Ce message de condoléances est adressé par le ministère burkinabè en charge de la Culture, à la famille de Christoph Schlingensief, promoteur du «Village opéra de Laongo», décédé des suites d’un cancer de poumons, le samedi 21 août 2010.
«Lors de la signature de la Convention et de la pose de la première pierre du Village Opéra de Laongo ce lundi 8 février 2010, Christoph SCHLINGENSIEF, Président de l’Association Festspielhaus Afrika, disait: «Je suis une pâle page blanche qui va au Burkina recevoir la lumière ».Il avait choisi notre pays pour réaliser son rêve, celui de créer un lieu de rencontre et de partage pour les artistes africains et européens, un lieu ouvert à toutes les ethnies, à toutes les formes d’art, un sanctuaire de la spiritualité et de la magie, un point d’ancrage entre le théâtre et l’Afrique, selon ses propres termes.
Cet homme aux multiples facettes et talents reconnus de par le monde entier, avait suscité beaucoup d’espoir pour tout un peuple, pour notre pays, pour l’Afrique, et son projet de Village opéra avait reçu l’aval des plus hautes autorités du Burkina Faso.
Après seulement quelques brefs séjours de courte durée dans notre pays, Christoph SCHLINGENSIEF avait tissé, grâce à ses qualités humaines exceptionnelles un puissant réseau d’amis et une foule d’admirateurs, tous plongés dans une profonde tristesse depuis l’annonce de sa disparition.
Christoph, en venant au Burkina Faso pour recevoir la lumière, nous a laissé une lumière éblouissante.
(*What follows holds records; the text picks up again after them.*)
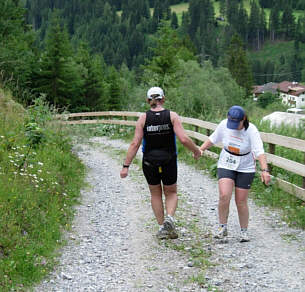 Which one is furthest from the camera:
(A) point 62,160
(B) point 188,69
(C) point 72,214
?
(B) point 188,69

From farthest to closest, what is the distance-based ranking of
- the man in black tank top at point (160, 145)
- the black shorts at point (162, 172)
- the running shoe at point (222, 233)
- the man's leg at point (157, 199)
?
the man's leg at point (157, 199) → the running shoe at point (222, 233) → the black shorts at point (162, 172) → the man in black tank top at point (160, 145)

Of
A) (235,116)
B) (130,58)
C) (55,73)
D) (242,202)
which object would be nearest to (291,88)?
(130,58)

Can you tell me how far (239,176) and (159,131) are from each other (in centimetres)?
117

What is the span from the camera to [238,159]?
6.11m

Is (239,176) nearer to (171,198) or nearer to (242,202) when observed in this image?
(242,202)

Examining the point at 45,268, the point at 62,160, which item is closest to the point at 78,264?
the point at 45,268

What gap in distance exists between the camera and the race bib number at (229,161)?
612cm

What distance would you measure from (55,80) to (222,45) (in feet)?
387

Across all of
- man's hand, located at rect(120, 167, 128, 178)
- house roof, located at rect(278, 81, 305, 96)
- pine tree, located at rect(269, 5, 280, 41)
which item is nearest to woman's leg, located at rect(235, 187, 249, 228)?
man's hand, located at rect(120, 167, 128, 178)

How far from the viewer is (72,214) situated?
764cm

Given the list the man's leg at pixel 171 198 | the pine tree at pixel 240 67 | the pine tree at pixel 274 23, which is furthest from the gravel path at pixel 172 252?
the pine tree at pixel 274 23

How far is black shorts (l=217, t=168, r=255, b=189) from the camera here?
6135 millimetres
Comme un éclair ou une étoile filante, il a illuminé les cœurs de tant d’artistes et d’hommes de culture, de tant de villageois, d’hommes et de femmes, de jeunes et de vieux, de chefs coutumiers et de simples citoyens.
Il nous a donné un témoignage vivace de sa fureur de vivre pour son prochain à travers la mise en œuvre de son paradigme de la mobilité, substituant au couple identité/sédentarité le couple altérité/mobilité.
L’implantation du village opéra à Laongo, sur une aire de 5 hectares offre de nombreuses illustrations de cette vision : le dynamisme de l’escargot qui se développe sans cesse ; le chemin bâti en spirale jusqu’à la quintessence de la création, juchée au sommet de la colline de Tambiyargo ; la formation et la diffusion artistique aux côtés d’un musée à ciel ouvert qui abrite les œuvres des plus célèbres sculpteurs sur granit au monde.
Christoph SCHLINGENSIEF, à travers son art et ses projets, a contribué au renforcement de la coopération germano-burkinabé et au foisonnement culturel burkinabé.
Il a su impliquer les autorités burkinabè et allemandes, les artistes et hommes de culture burkinabè à son travail, à travers le vaste chantier de Laongo qui nous unit et qui immortalisera sa mémoire.
L’espoir suscité par ce génie et la pertinence de son projet ont conduit le Gouvernement du Burkina Faso à accélérer le bitumage de la route Ziniaré-Boudtenga, l’adduction d’eau et l’électrification de la zone du site mais aussi à faciliter l’opérationnalisation du comité de gestion.
Aujourd’hui, le promoteur du "Village-opéra" de Laongo n’est certes plus, mais il nous a laissé un vaste chantier à bâtir : un complexe scolaire et artistique, une maternité, un opéra, un centre d’hébergement pour les artistes en résidence, un rêve à accomplir !
Au nom du Gouvernement et du peuple burkinabè et à mon nom propre, je présente à la famille éplorée, nos condoléances les plus attristées.
A travers ce message, tous mes collaborateurs et moi-même partageons pleinement la douleur de la famille SCHLINGENSIEF et exprimons notre profonde solidarité à la mère de Christoph et à son épouse Aino.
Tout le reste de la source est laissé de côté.